About this task:
Look below for the line with "Baked Portobello Mushroom (v)" and the line with "2nd image of 42 Ashley Ln". Copy exactly those two lines and every line between, but not the pictures.

Task inputs:
Content starts
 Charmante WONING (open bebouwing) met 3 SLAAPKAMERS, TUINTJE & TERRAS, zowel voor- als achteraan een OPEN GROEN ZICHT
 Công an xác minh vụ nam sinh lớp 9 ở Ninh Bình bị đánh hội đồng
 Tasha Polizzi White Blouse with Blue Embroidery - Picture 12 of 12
Content ends
Content starts
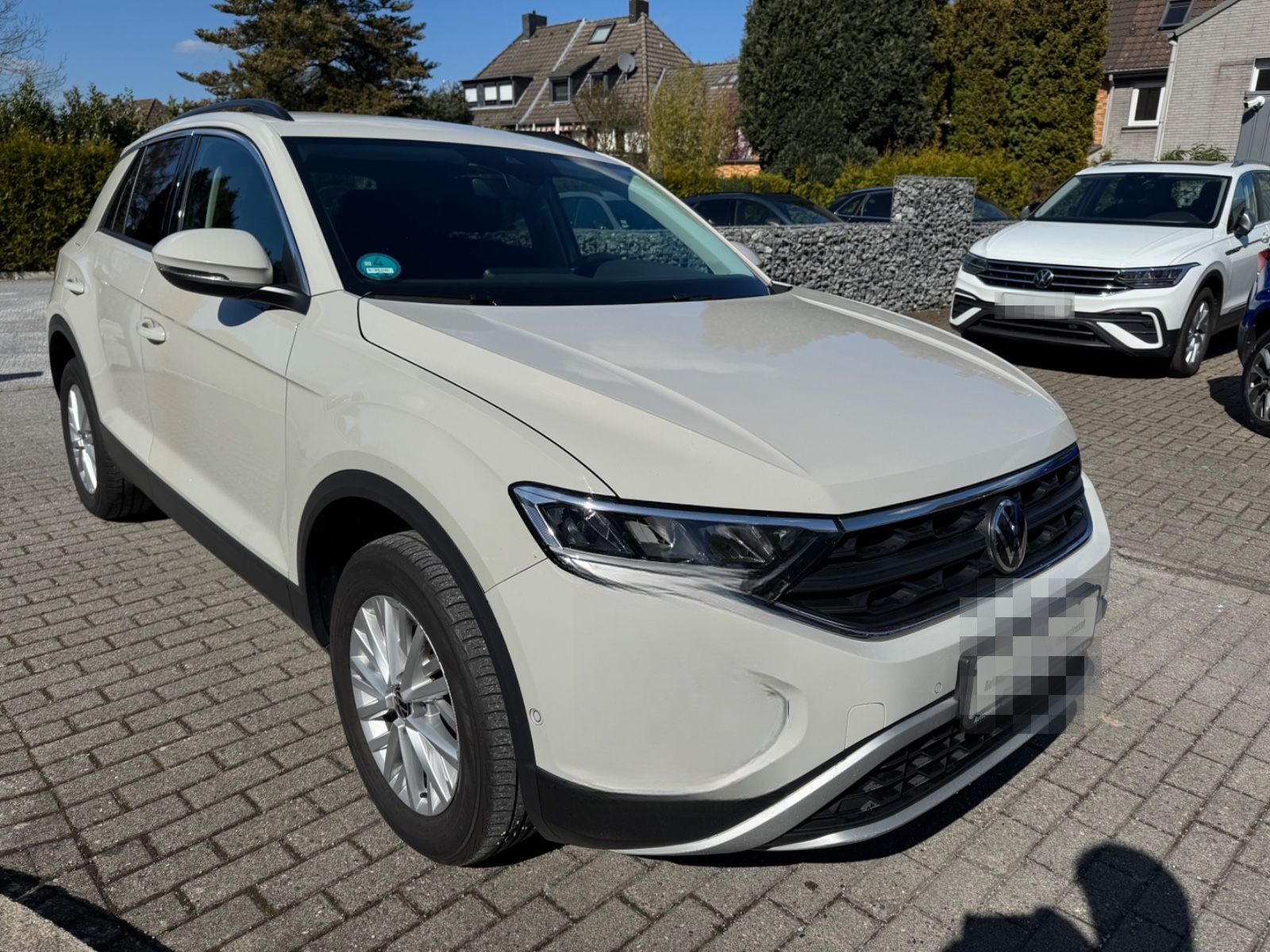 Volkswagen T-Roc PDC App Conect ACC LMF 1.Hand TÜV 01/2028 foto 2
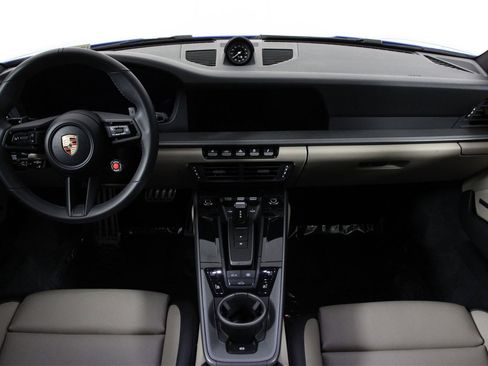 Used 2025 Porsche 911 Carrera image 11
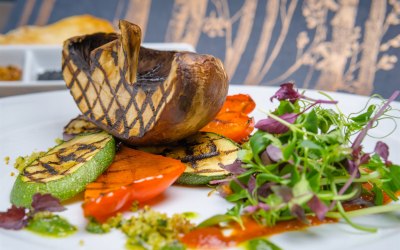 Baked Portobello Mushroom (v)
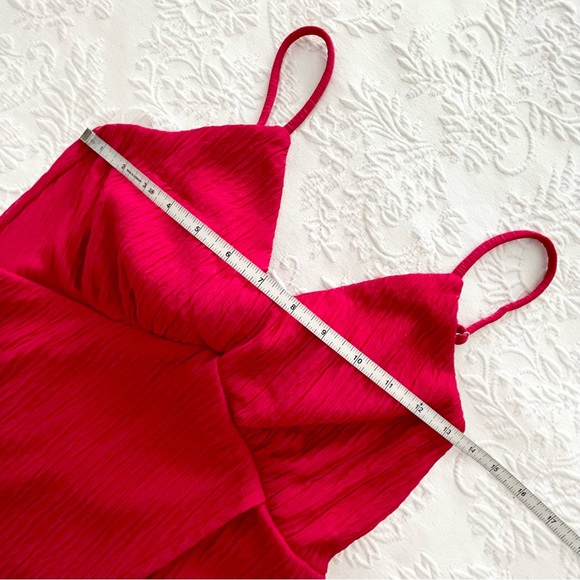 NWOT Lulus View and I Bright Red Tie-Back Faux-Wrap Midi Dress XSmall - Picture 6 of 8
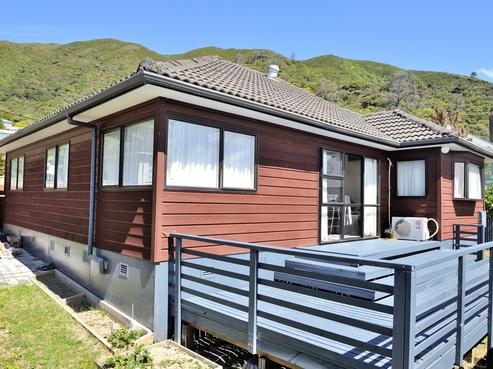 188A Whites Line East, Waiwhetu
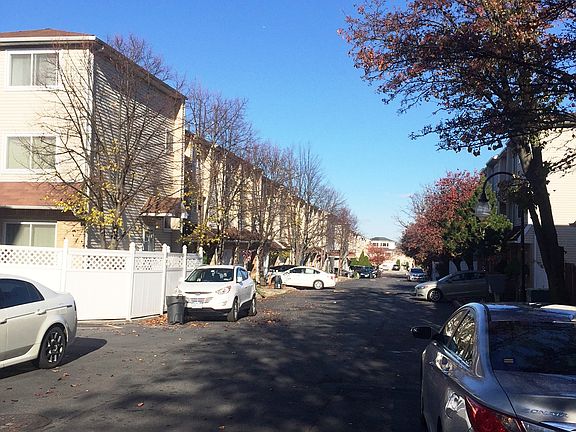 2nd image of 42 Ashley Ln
Content ends
Written solution:
 Baked Portobello Mushroom (v)
 NWOT Lulus View and I Bright Red Tie-Back Faux-Wrap Midi Dress XSmall - Picture 6 of 8
 188A Whites Line East, Waiwhetu
 2nd image of 42 Ashley Ln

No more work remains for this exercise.